Yesterday I walked W down a hill to the entrance of his school. We were met by the school administrator who pointed us towards his classroom. W was a floating balloon of excitement and I held on to his hand as if he was my prize. His cheerful and giddy nature made a couple of parents smile. It was impossible to not see his face full of glee and not get swept away in his thrill. Finally: kindergarten.
He was given a name tag and we selected an item from his lunch bag that would work for his afternoon snack. I hovered like a giant out-of-place oaf, shadowing him from one part of the room to the other. He was ready for me to go. I was not ready to leave.

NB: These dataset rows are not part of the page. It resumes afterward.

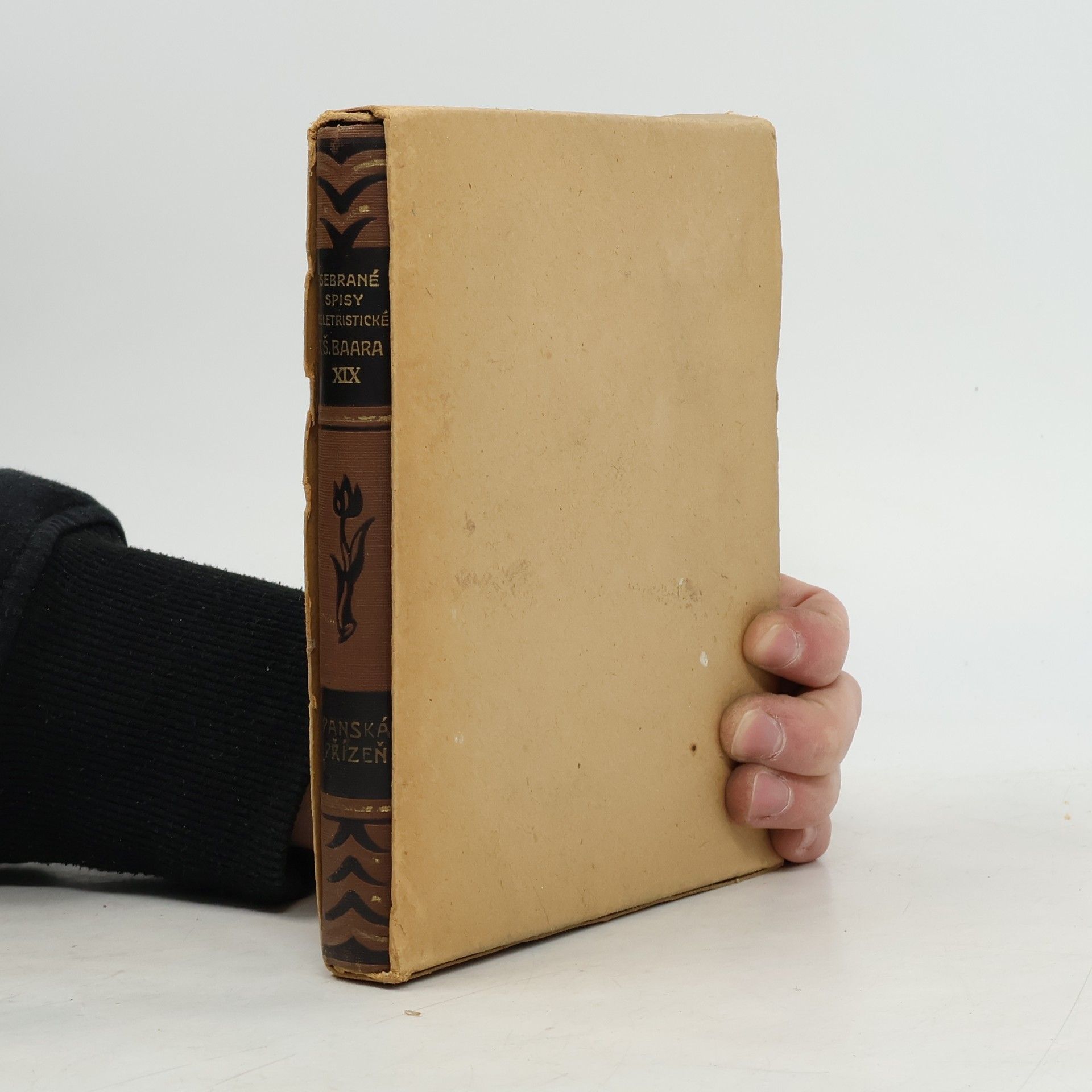 Jindřich Šimon Baar Panská přízeň a jiné povídky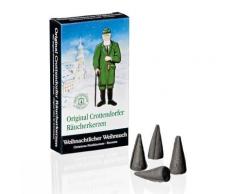 Crottendorfer Räucherkerzen WEIHNACHTLICHER WEIHRAUCH / 5 x 24 Stück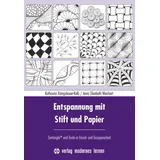 modernes lernen Entspannung mit Stift und Papier: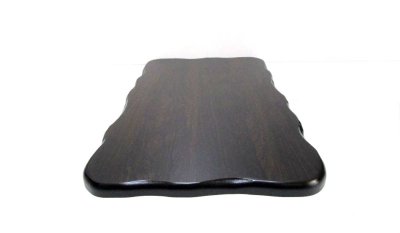 画像7: 特-７８０　黒丹調１８号平板（一点限り）　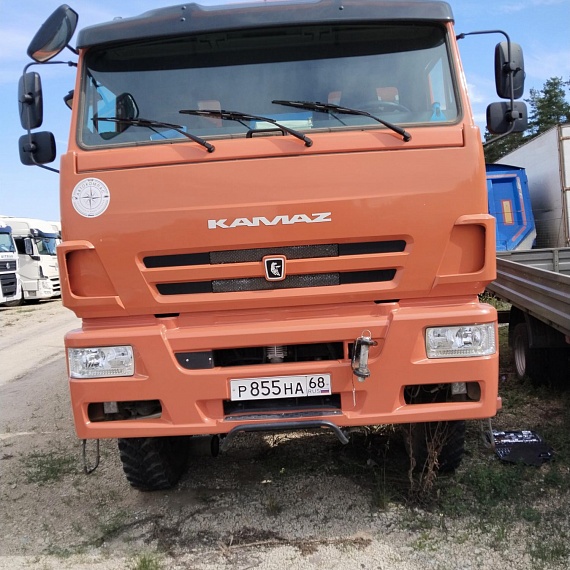 КамАЗ 6522 6x6 Самосвал, 2024, 10 625 км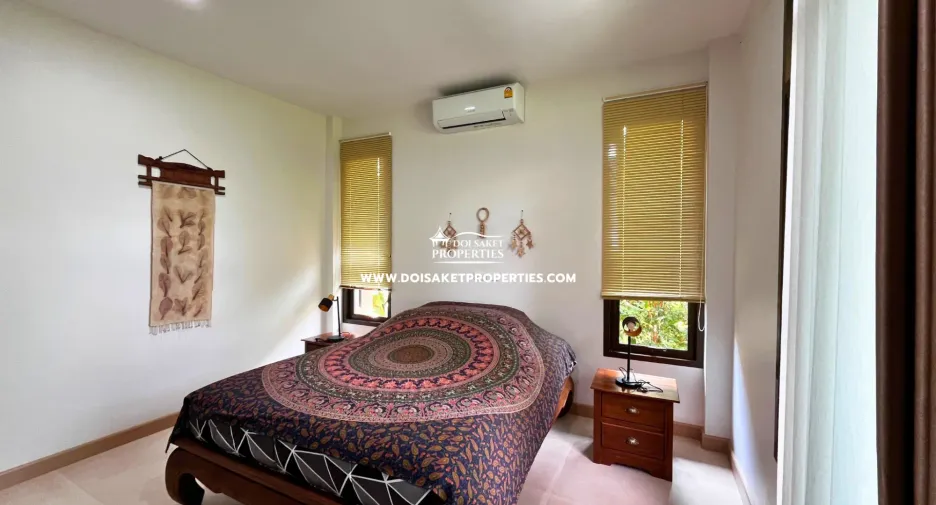 For rent 2 bedrooms villa in Doi Saket, Chiang Mai
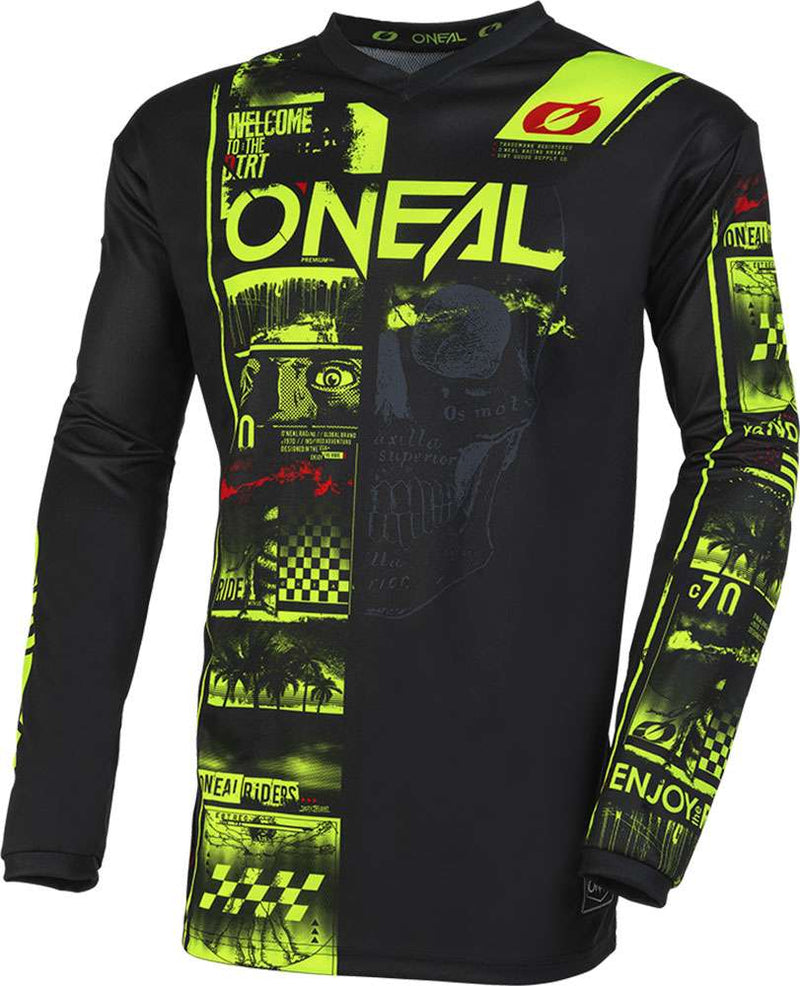 O'neal Element Attack – MTB-Langarmtrikot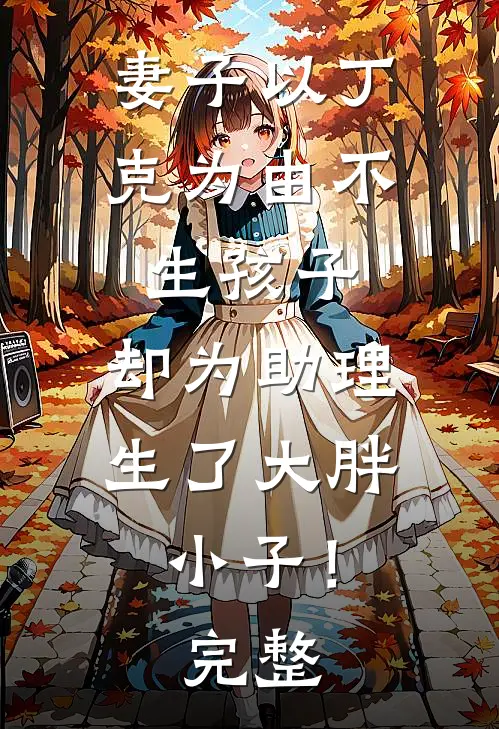 妻子以丁克为由不生孩子，却为助理生了大胖小子！完整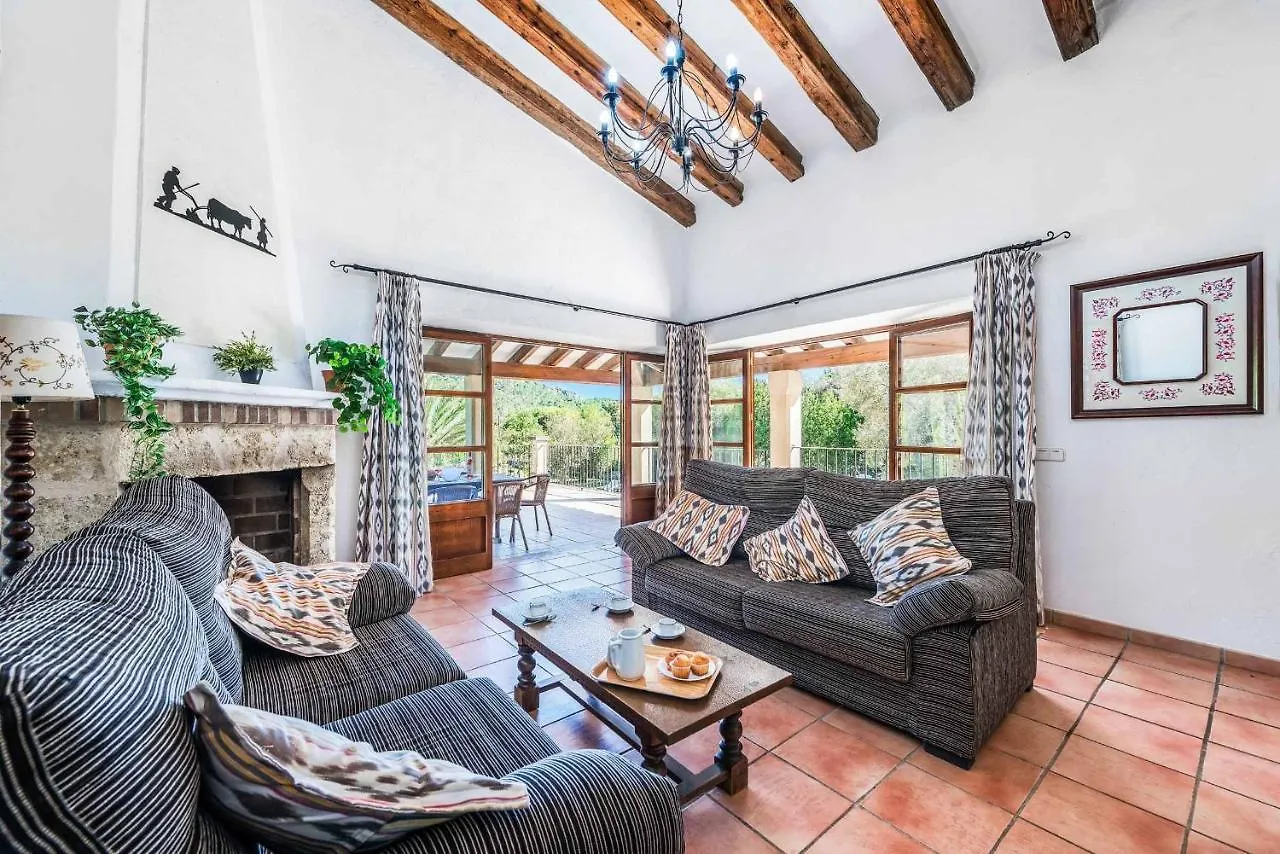 Villa Tomas Cala de Sant Vicenc Španělsko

I realized when I was home, and almost a full hour later, I had neglected to send him to school with a water bottle. His preschool was big on having the kids use cups, but I didn’t know about the new school. I had a bottle I meant to send with him just in case, but it never made it out of the drying rack of the kitchen. Deep breath. Deep breath. It would be FINE.
I picked W up 7 hours after I dropped him off. He was rosy-cheeked and annoyed I was the first parent at pick up. I was hoping for him to dive right into a detailed description of his day, but instead I got a list of all the ways I failed him.

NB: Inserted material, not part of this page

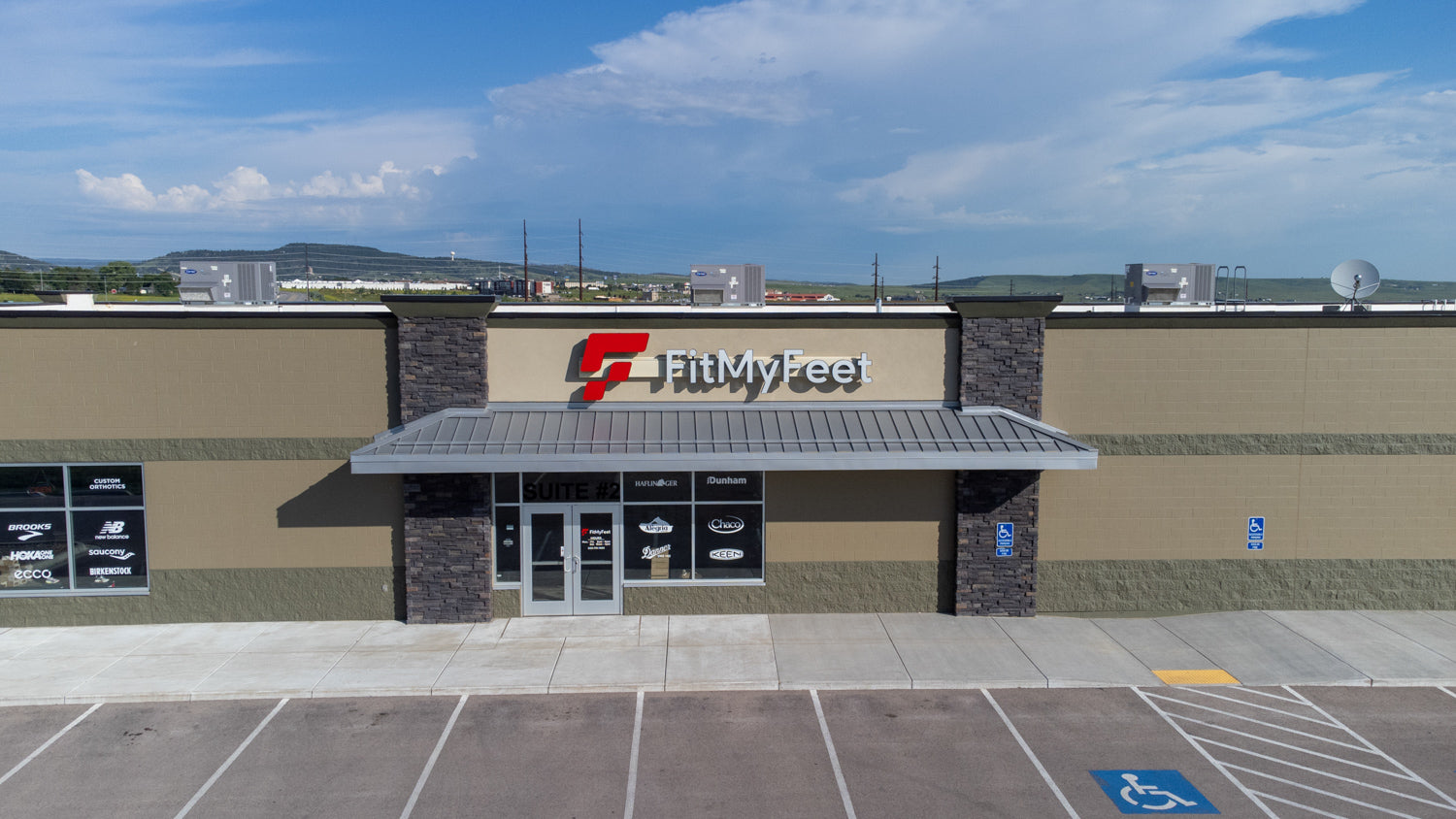 Fit My Feet Rapid City South Dakota Shoe Store Photo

1. I made him a sandwich with peanut butter on it
I found out at pick up the school was peanut free. It was the 1st time I had heard about it, but with friends who have kids with severe allergies I do feel like an idiot for not checking 1st.
2. I didn’t put a coloring book in his backpack.

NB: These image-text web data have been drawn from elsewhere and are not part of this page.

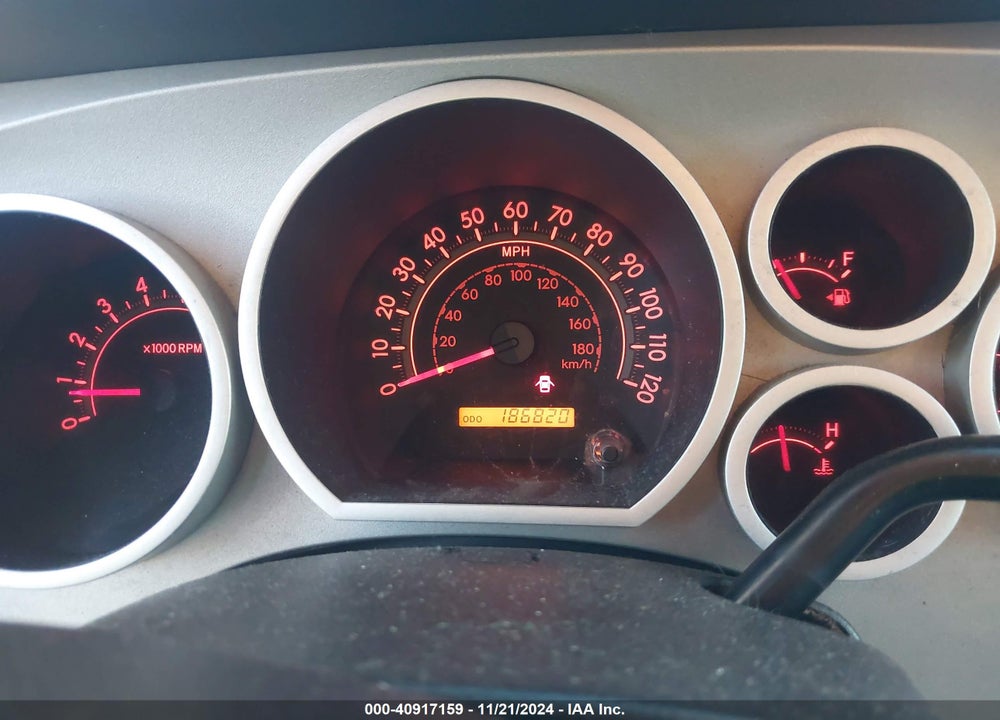 2009 TOYOTA TUNDRA GRADE 4.7L V8 VIN: 5TFRT54199X028947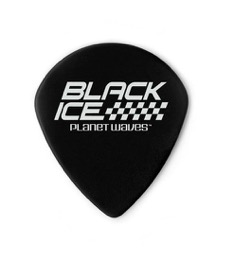 Plektrum Black Ice 3DBK7-25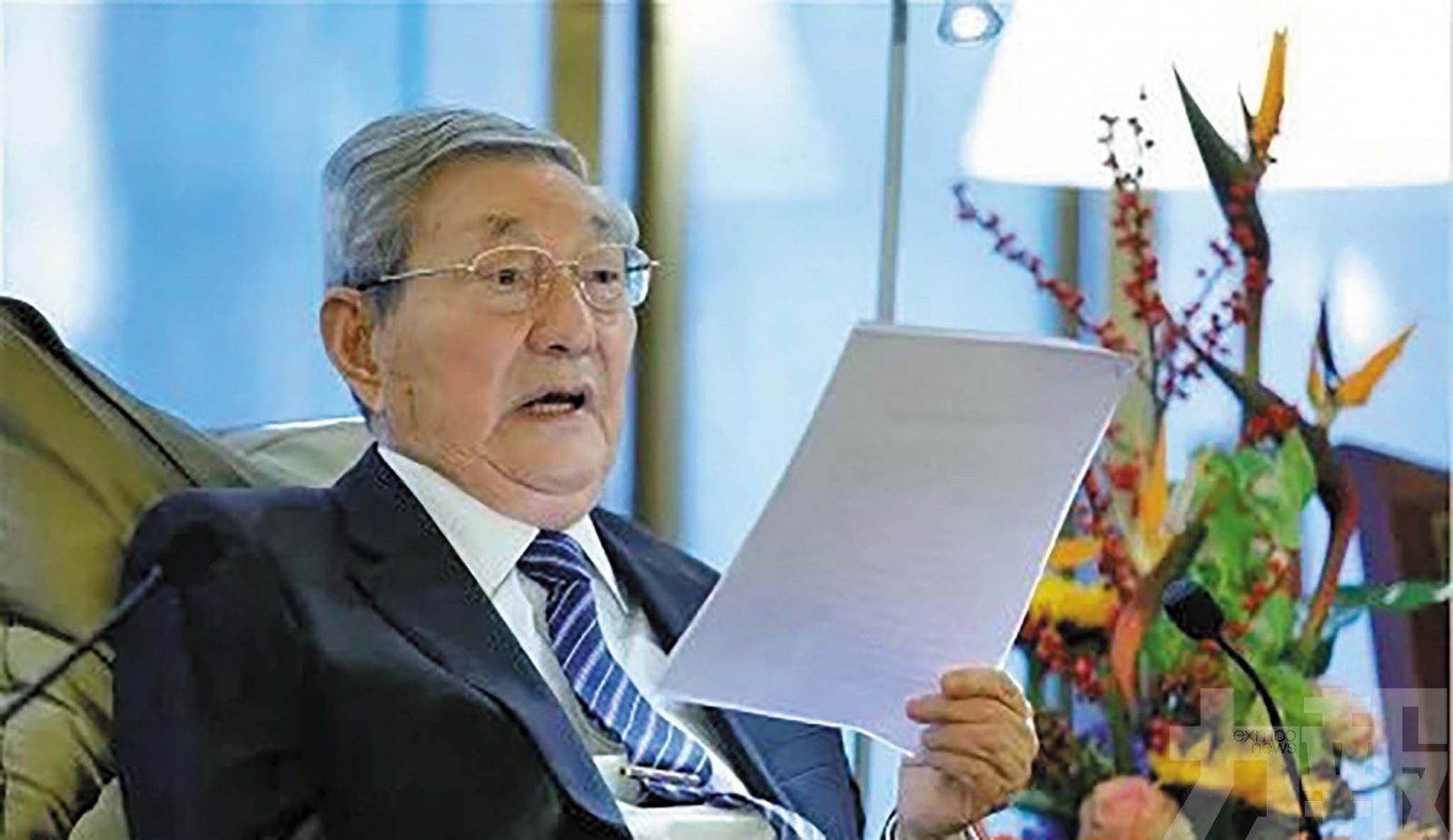97歲朱鎔基久未露面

W’s class is kindergarten and first grade combined and the 1st graders all pulled out coloring books to color in the morning and W had gone to his backpack thinking I would have magically known this. Nope.
3. He didn’t have on sunscreen.
When I toured the school last year they explained they would not have access to any outdoor play areas. It never even occurred to me to put sunscreen on him to send him to school. The good news is the school now has an outdoor play area. The bad news is my kid was out in the sun twice without any sunscreen.
4. He didn’t have a water bottle.
They didn’t have cups of water to give him either. So for 7 hours (including 2 visits outside to the playground in 90+ degree weather) he had nothing to drink.
I was pretty upset about the water. W plays hard and sweats a lot. I asked him if he spoke up and he says he didn’t. He never raised his hand and asked for water or asked if there was a water fountain (there is, by the way).
When we went to school this morning I spoke to the head of school about the water. I also asked W if he knew where the water fountain was and he didn’t, so we dropped off his backpack and found the fountain. He got a drink. I told him if he is thirsty he must raise his hand and let his teachers know. Part of being a “big kid” is being aware of your body and what you need and asking for help.
Of course I also sent him to school with a giant water bottle as well.
I know it is a life lesson W needs to learn – to speak up. I am only frustrated at the school because they didn’t call me, but it doesn’t seem like they knew he didn’t have water. I think W was embarrassed he didn’t have something the other kids did and he kept it to himself.
Sending my kid out into the world is terrifying, but after W’s “water-gate” I see just how tough and brave W is. It wasn’t smart, but it was something.